New Zealand signs Trans-Pacific trade pact

New Zealand signs Trans-Pacific trade pact

New Zealand signs Trans-Pacific trade pact

The eleven nations that remained after the USA pulled out of the Trans Pacific Partnership (TPP) are set to sign a revamped trade pact on Thursday.

Felipe Lopeandia, Chile's top trade negotiator, said the deal will "send a political signal to the world and to the United States itself, that this is a global agreement".

The deal had been on life support after Trump pulled the United States out of the original deal when he became president.

"Today, we can proudly conclude this process, sending a strong message to the worldwide community that open markets, economic integration and global cooperation are the best tools for creating economic opportunities and prosperity", said Chilean President Michelle Bachelet.

The bloc's combined market encompasses more than 290 million people and accounts for $2.7 trillion or more than three-quarters of the economic activity on the southern continent, according to the ministry data.

But Japan, a key driver behind the revised pact, is skeptical.

The pact will come into force 60 days after it is fully ratified by six of the 11 members. The Australian Council of Trade Unions, for instance, called the CPTPP "a raw deal for working Australians", while former New Zealand lawmaker Barry Coates argued that "TPP-11 would override important aspects of our personality" and threaten national sovereignty.
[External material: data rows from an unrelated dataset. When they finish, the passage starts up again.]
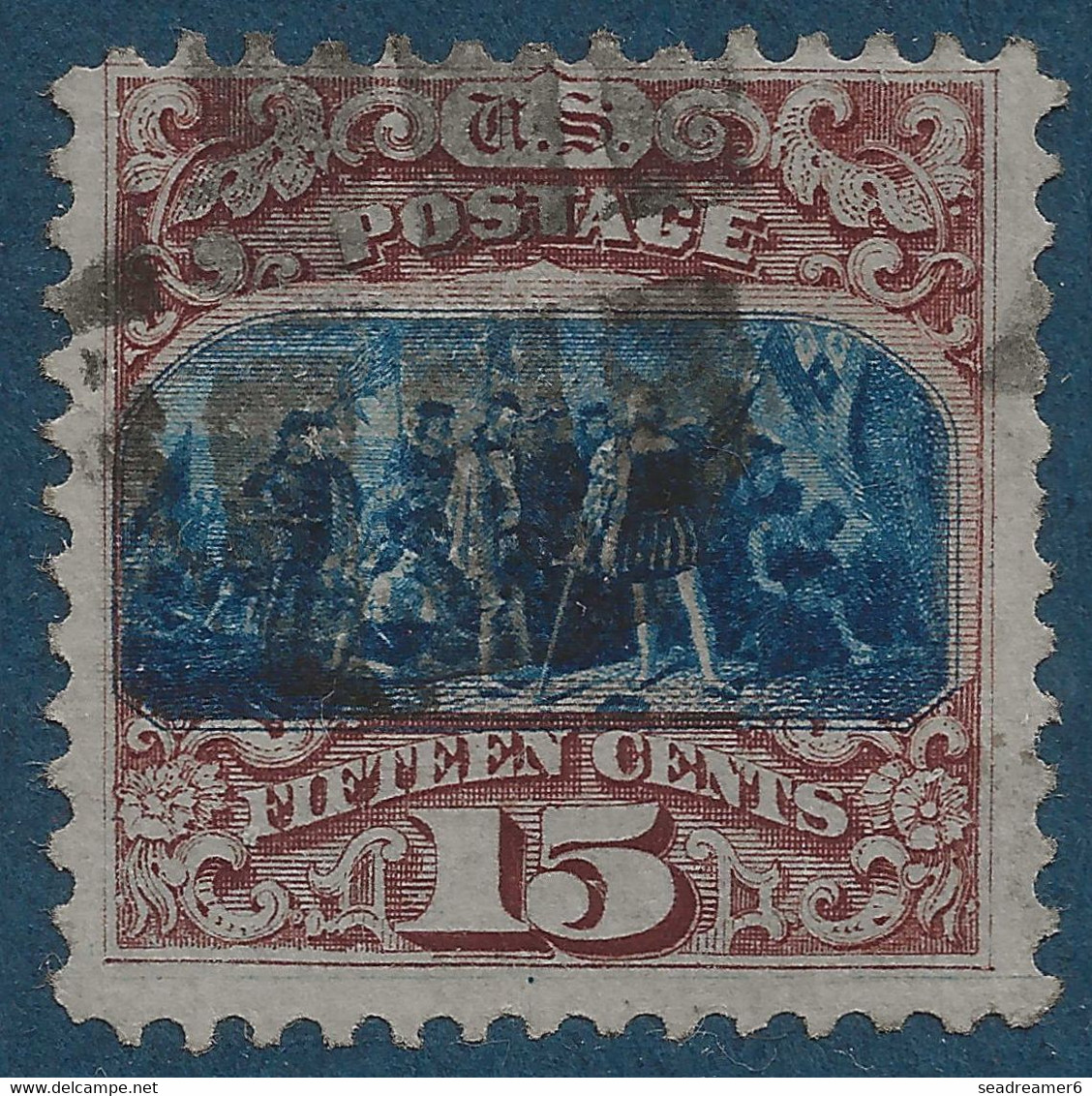 Etats Unis 1869 N°35a Type II 15c Cents Brun Rouge Et Bleu Oblitéré  TTB - Oblitérés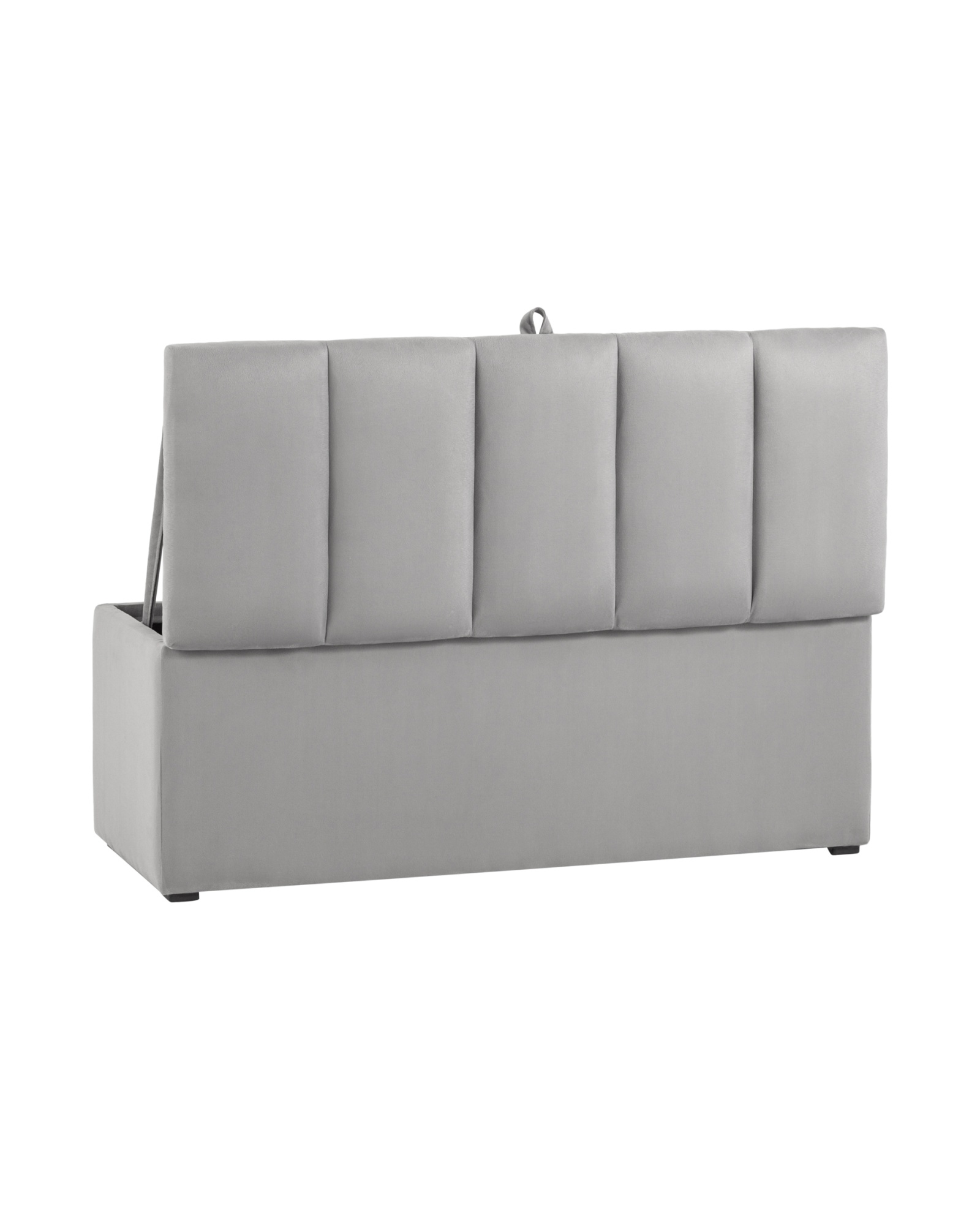 Пуф с крышкой Нильсон 2 велюр серый Stool Group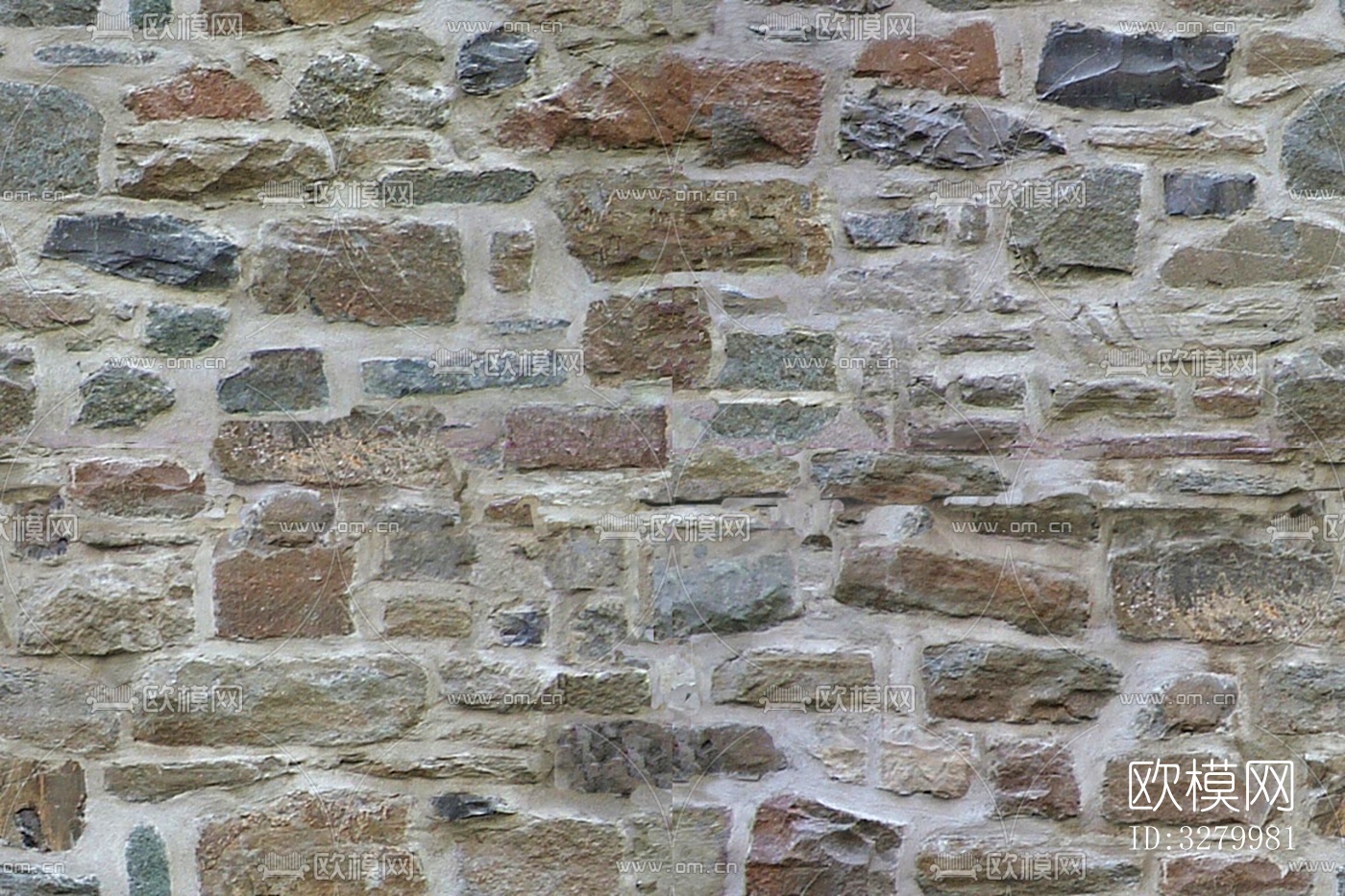 文化石墙面材质下载（渲染图4）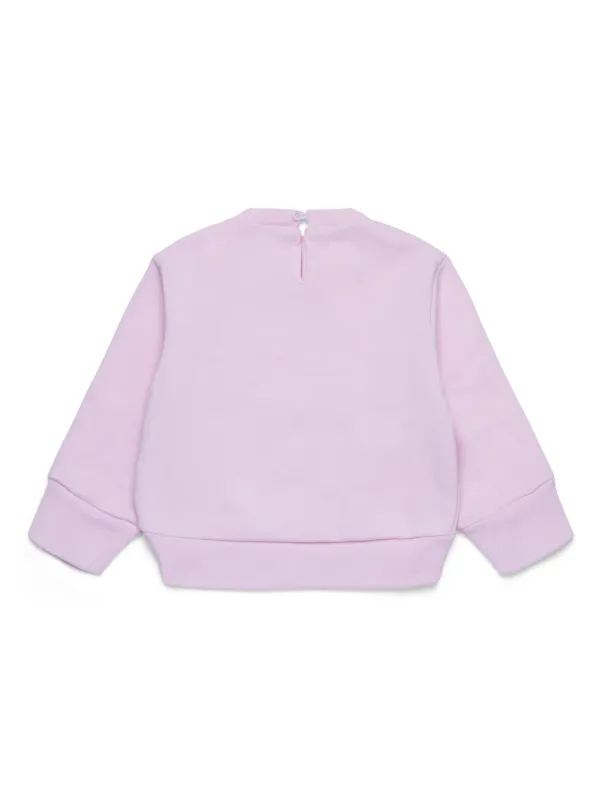 Marni Kids logo-embroidered Sweatshirt | Pink | FARFETCH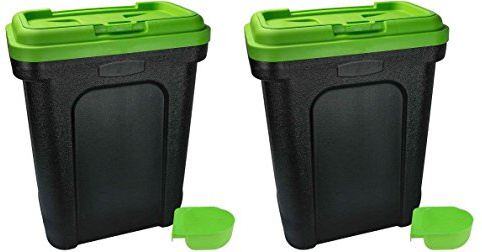 New 2 X Large 30 Litre Storage Food Container Dry Food Dog Cat Animal Storage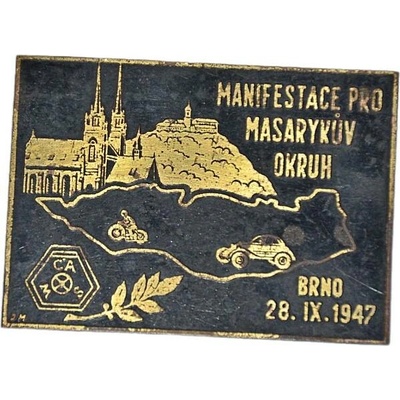 Pamětní plaketa MASARYKŮV OKRUH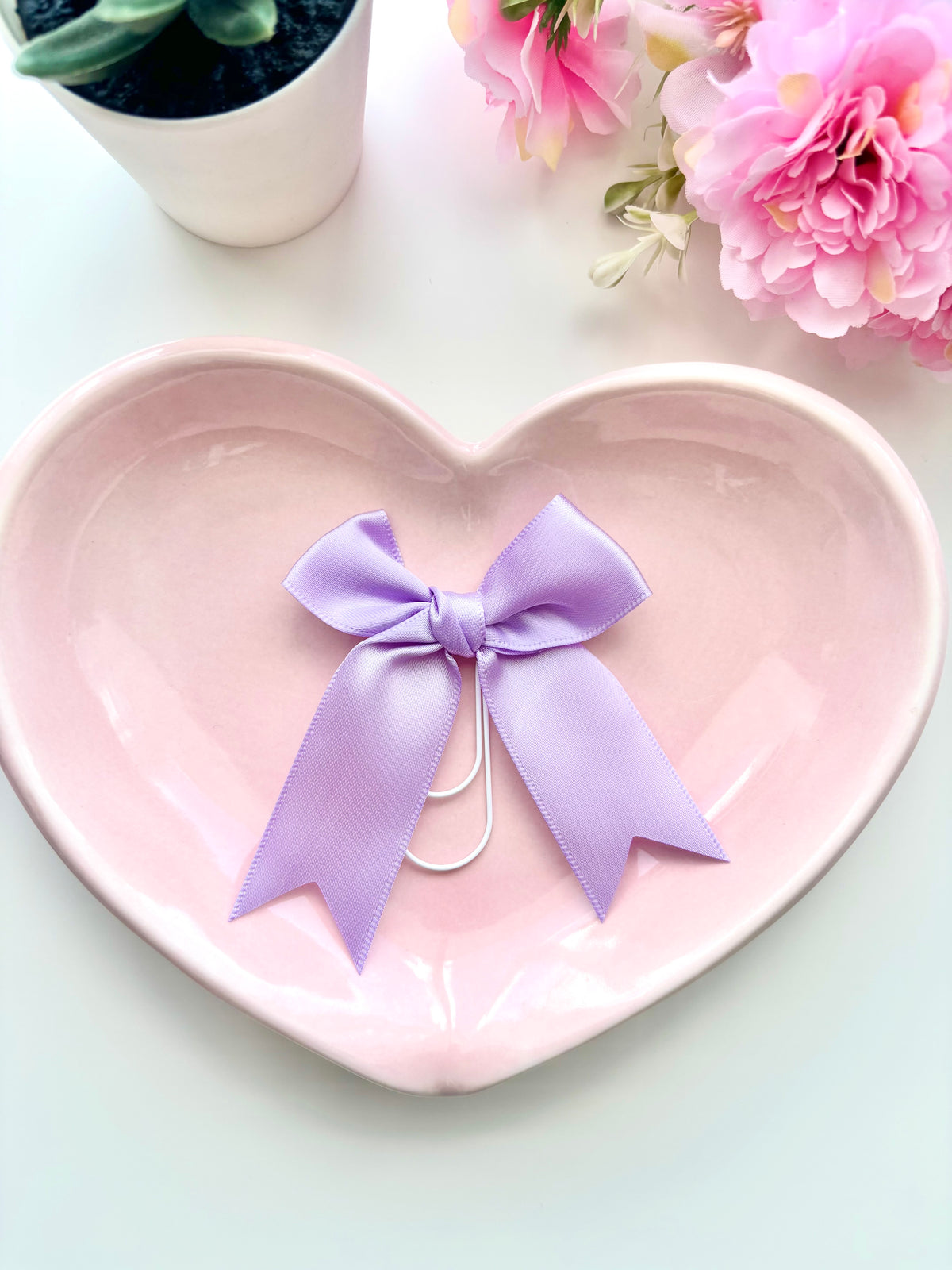 Purple Bow Paperclip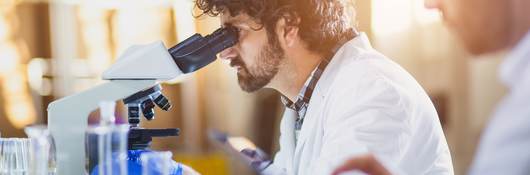 Scientist working in a laboratory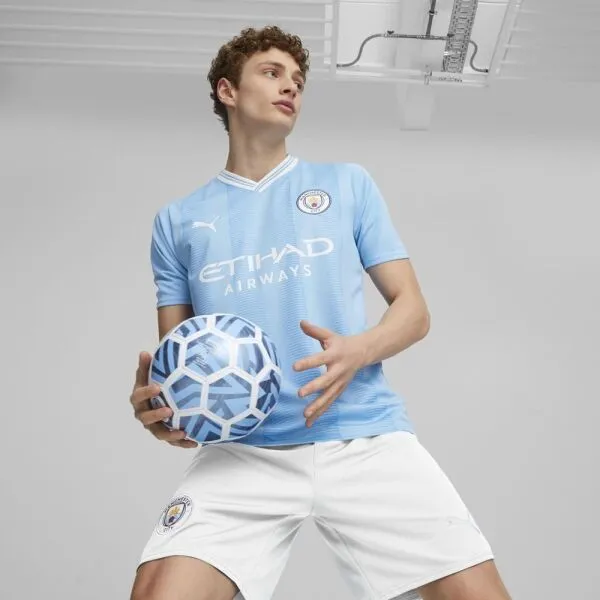 Puma MANCHESTER CITY FC HOME JERSEY Pánsky futbalový dres, svetlomodrá, veľkosť
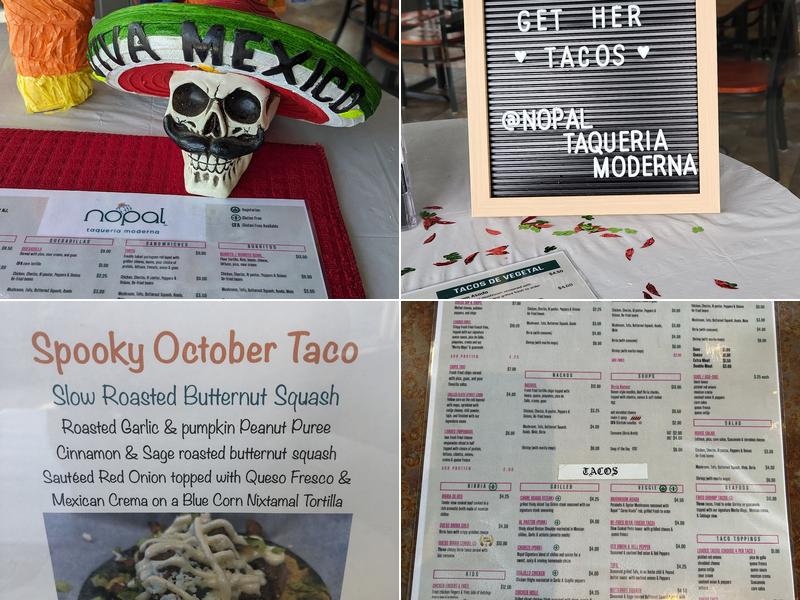 Nopal Taqueria Moderna Menu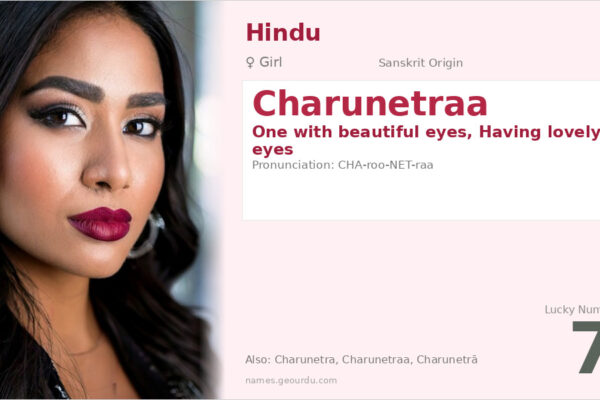 Charunetraa Meaning — Sanskrit Origin, Girl Name & Details (2025)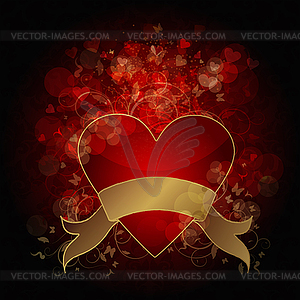 Valentines Background - vector clipart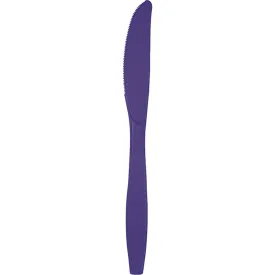 Bulk Purple Plastic Knives (288 per Case)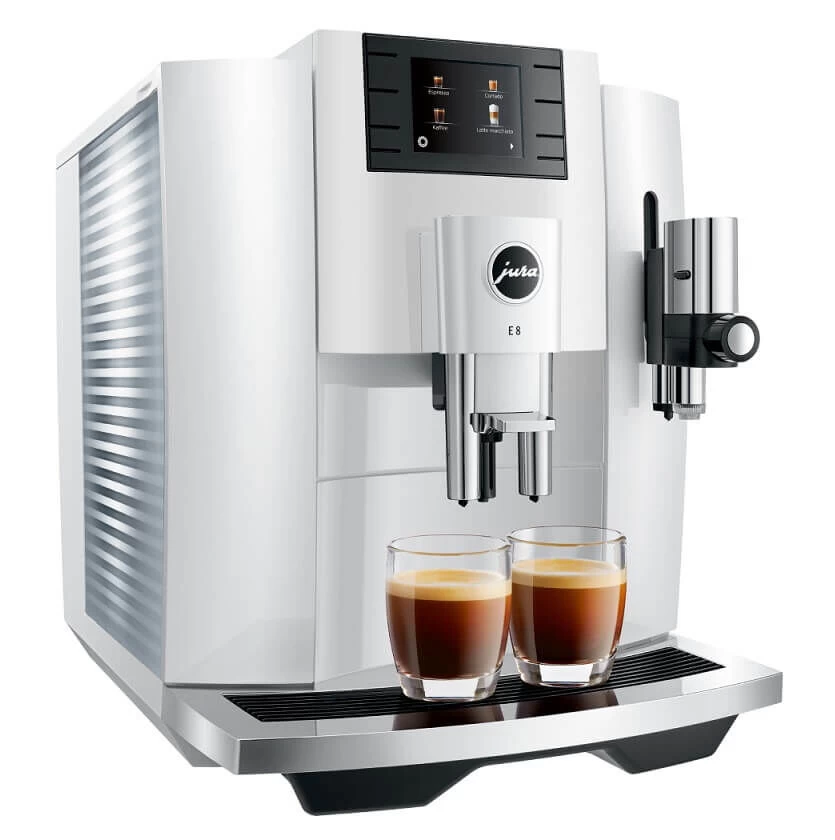 Jura E8 Piano White (EB) 2 Jura E8 Piano White (EB) - Afbeelding 2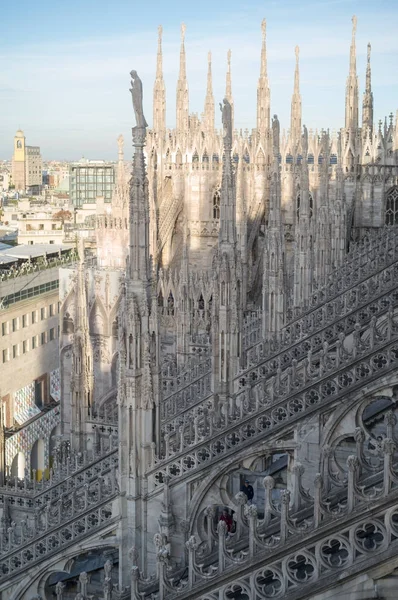 Milaan kathedraal sculpturen — Stockfoto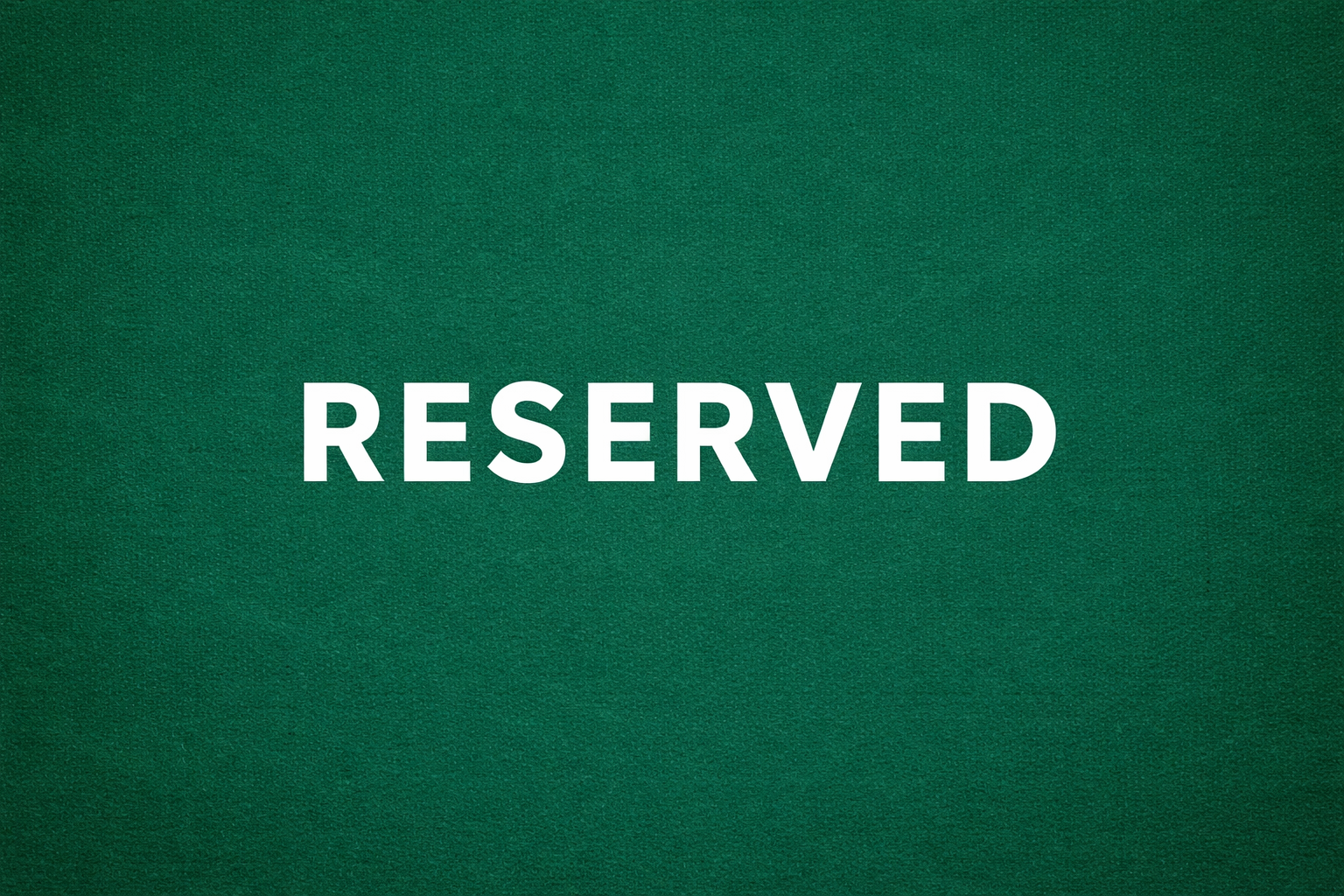 Reserved Listing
More than 20 provisions were suspended or changed in the new agreement, mostly rules over intellectual property originally inserted at the demand of U.S. negotiators. Governments and activists of other member nations worry the changes will raise the costs of medicine.

Violent Video Games and Donald Trump

Still another fear was recently voiced in New Zealand: Perhaps the US will return to the agreement.

Canada and 10 other countries are preparing to sign the rebooted Trans-Pacific Partnership this week, and Japan's envoy says it will help set the stage for closer relations with China.

"We're show the world that progressive trade is the way forward, that fair, balanced, and principled trade is the way forward, and that putting citizens first is the way forward for the world when it comes to trade", Canadian Trade Minister Francois-Phillippe Champagne said.

Trump, who abandoned TPP because he felt his administration could negotiate better deals one on one, told CNBC earlier this year that he would be open to returning to the agreement if it were "substantially better".

The Council of Canadians is anxious, however, that with Mercosur, the Liberal government is again rushing into another corporate agreement, without a debate on the needs and wishes of the public, Dey said.

Coming in the same week that Trump risked a trade war over his decision to introduce tariffs on imported steel and aluminum, the deal is seen by some members as striking a blow against protectionism.

He announced the plan for tariffs last week, rattling financial markets.

But Parker told Kate Hawkesby the other countries - including Japan, Canada and Mexico - are standing firm.